İşte kadın çalışanları desteklemek için çözüm önerileri
Ofise dönüş eğilimi içinde kadın çalışanları desteklemek, onların iş hayatında kalıcı olmalarını sağlamak adına kritik bir adım olabilir. Şirketlerin kadın çalışanlara yönelik uygulayabileceği bazı destekleyici adımlar şöyle sıralanabilir…
1. Hibrit çalışma modelinin desteklenmesi
Hibrit çalışma modelleri, kadınların iş-yaşam dengelerini korumalarına yardımcı olur. Haftanın belirli günlerinde ofisten, belirli günlerinde ise evden çalışma imkânı sağlamak, kadınların işlerini sürdürülebilir hale getirmelerine destek olabilir.
2. Çocuk bakımı ve destek programları
İş yerlerinde çocuk bakım desteği sunmak, kadınların bakım sorumluluklarını daha kolay yönetmelerine katkı sağlayabilir. Çocuk bakımı ve esnek çalışma saatleri gibi aile dostu politikalar, kadınların iş hayatında kalmasını kolaylaştırır.
3. Adil performans değerlendirme sistemleri
Yakınlık yanlılığını ortadan kaldırmak için performans değerlendirmelerinde fiziksel varlık yerine sonuç odaklı bir yaklaşım benimsenmeli. Bu sayede, uzaktan çalışan kadınların performansları adil bir şekilde değerlendirilir.
4. Mentorluk ve eğitim programları:
Kadın çalışanların kariyer gelişimini desteklemek amacıyla mentorluk ve liderlik eğitim programları sunmak, onların iş dünyasında daha güçlü bir yer edinmelerini sağlar. Özellikle kadın liderlerin desteklenmesi, iş yerindeki cinsiyet çeşitliliğini de artırır.

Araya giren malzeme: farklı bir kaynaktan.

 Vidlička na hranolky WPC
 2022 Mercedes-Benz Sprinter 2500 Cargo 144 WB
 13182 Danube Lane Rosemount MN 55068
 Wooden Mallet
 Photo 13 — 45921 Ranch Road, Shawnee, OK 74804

5. Ücret eşitliği politikalarının güçlendirilmesi:
Kadınların iş gücüne katılımında motivasyonlarını artırmak için ücret eşitliği politikalarının uygulanması önemli. Bu, kadınların kariyerlerinde kalıcı olmasını teşvik eder ve iş yerinde eşitliği sağlar.

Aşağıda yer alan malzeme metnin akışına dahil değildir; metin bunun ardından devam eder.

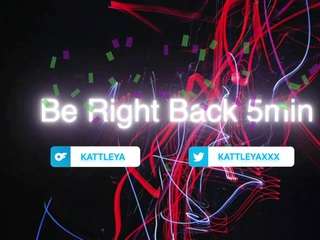 katt-leya webcam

Ofise dönüş eğilimi, kadın çalışanların iş-yaşam dengelerini yeniden kurmaları için zorluklar yaratıyor. Ancak esnek çalışma modellerinin korunması, adil değerlendirme sistemlerinin benimsenmesi ve destekleyici programların sunulması, kadınların bu süreçte iş gücünde kalıcılığını artırabilir. Kadın çalışanları iş dünyasında güçlü tutmak, sadece bireylerin değil, aynı zamanda iş yerlerinin ve toplumun da yararına. Bu nedenle şirketlerin, kadınların ihtiyaçlarını dikkate alan politikalar geliştirmesi, cinsiyet eşitliği ve sürdürülebilir iş gücü için kritik bir adım olacaktır.